Attendees spoke about how Trump uses fear and prejudice against minority communities as a tool to gain support. Trump was also described as having exploited issues of the importance for the electorate in a highly manipulating manner to gain votes.
The newly-elected world leader has famously promised extreme immigration plans, including building a wall between the US and Mexico, and has often conveyed highly offensive remarks. He has said "laziness is a trait in blacks," and described Mexican immigrants as predominantly "criminals" and "rapists," and even condoned the beating of a Black Lives Matter activist at one of his rallies.
"People in the US are fed up," said one of the protesters, who traveled from East London to attend the event.
"They are clearly tired of the establishment, and fed up with typical politicians who don't say what they mean or do a good job for society. That is the only reason I can think of as to why someone like Trump could win. But if the UK can get Brexit, which was supported by the likes of Nigel Farage, then anything can happen."
During the demonstration there was an unexpected public outburst by a demonstrator who described himself as an English Defence League (EDL) supporter, a right-wing political organization based in the UK.
"I'm a supporter of EDL and I have traveled all the way from Leamington Spa in UK to say that we support Trump because he is representing the issues of white people. And I want to say that refugees are not welcome to this country because they are scrounging criminals," he shouted at reporters and the anti-racist demonstrators.
Before being arrested by police during an ensuing scuffle, he shouted: "White lives matter, too!"
Speakers from the 'Stand Up To Racism' group conveyed the importance of continuing a collective response against the Trump victory, and a number of public demonstrations are expected to take place in London over the coming weeks and months.
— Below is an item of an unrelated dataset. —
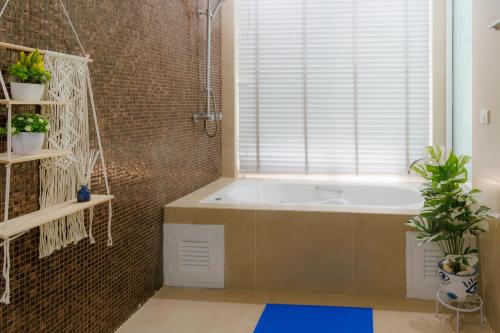 a bathroom with a tub and a window with plants at Sheva Om in Ban Wat Pho Thong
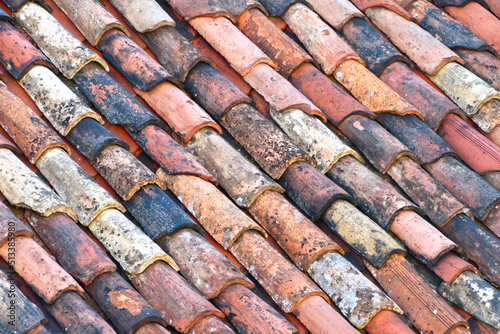 old, damaged and dirty roof tiles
Crowds chanted slogans such as "Black Lives Matter," and "Stand up to Racism," as well as shouting in unison, "We Say No To Trump!"
Despite the fact that Trump won an apparently legitimate and democratic election, and will now take on the role as the 45th President of the United States, it is likely that he will face a mixed global response during the early stages of his tenure, and, depending upon his early policy moves, for some time ahead as well.